Abortion is the taking of innocent life.  A woman may undergo an abortion for a variety of reasons, but the result is the same.
Before the Roe v. Wade decision Catholic bishops were the principal opposition to abortion, and nearly all the right-to-life movement consisted of Catholics.  Today, the majority of mainstream chur­ches oppose abortion.
The abhorrence of abortion stems theologically from the commandment prohibiting killing, emotionally from the ugliness and pain of abortion for the fetus, particularly in later stages of gestation, and the innate concern of a race for its survival.
What divides the Church and fuels political fires are strategies for combating this evil.  Some see legal prohibition of abortion as the only solution, thus avoiding anyone or any party that does not make legal prohibition of abortion their priority.   Others look at the various factors that might lead to abortion and attempt to change social mechanisms that impact these factors. Still others react to the millions of children who die of hunger or disease and civilian lives lost in warfare as also the taking of innocent life. Despite the fervor with which the groups work, no group alone is likely to succeed.
Changing social mechanisms to reduce poverty and assuring access to health care and decent housing for families may reduce the number of women who seek abortion, but other reasons for abortions exist. Elimi­nating the starvation deaths of over a million children a year or preventing the loss of innocent civilians in war will not have a direct impact on abortion. Few if any politicians have legal prohibition of abortion as a priority, even if they identify themselves as pro-life.

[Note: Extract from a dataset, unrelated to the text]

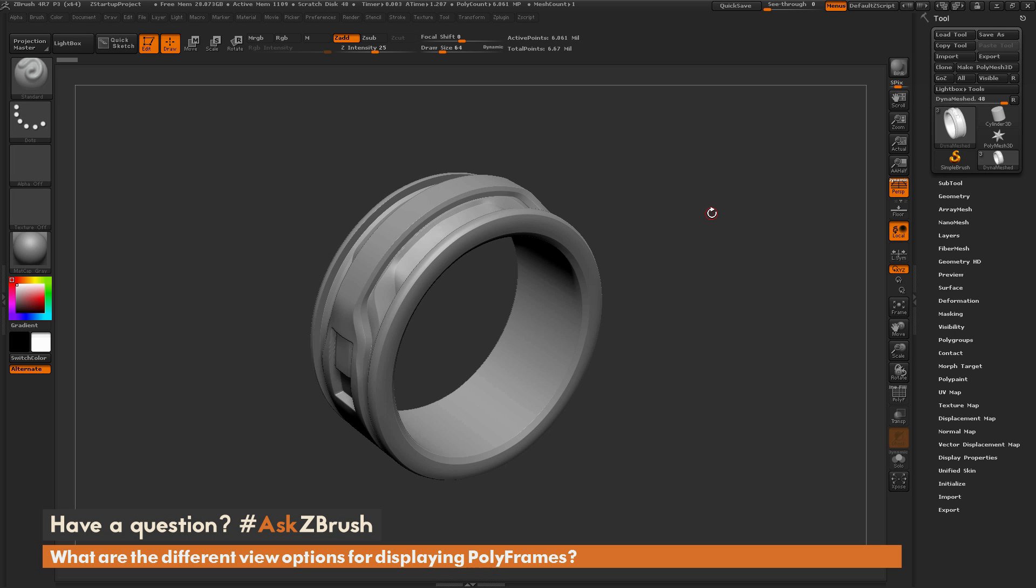This is Joseph Drust, and welcome back to another episode of Ask ZBrush. So we had a question sent in asking, what are the different view options for displaying polyframes on your model?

The great barrier to eliminating abortion is the minds and hearts of Americans.  Until the overwhelming majority considers abortion terribly wrong, it will not go away.  Politicians reflect what they believe is public sentiment, rarely do they lead it.  In changing minds and hearts, we have a problem.   Surveys report a growing percentage of Americans with no religious affiliation, and dropping attendance at churches among those who do. Within the Catholic Church, it is hardly news that the number of vocations to the priesthood and religious life are at an all-time low.
A hymn we sing says “all of our danger is discord.”  It is critical that we embrace lives of discipleship and evangelization, living our faith, and daily following the commandments of Jesus to love God and our neighbor as ourselves.  If we are seen as unable to love one another within the Church, if beyond the Church we are unable to work for the protection of life and the dignity of the human person against all assaults, our fellow Americans will note our divisions and failures. That will prevent them from accepting any pro-life message.  As another hymn says, “They will know we are Christians by our love.”
(Glenn Leach is a volunteer with the Diocese of Davenport’s Social Action Department and a member of St. Ann Parish in Long Grove.)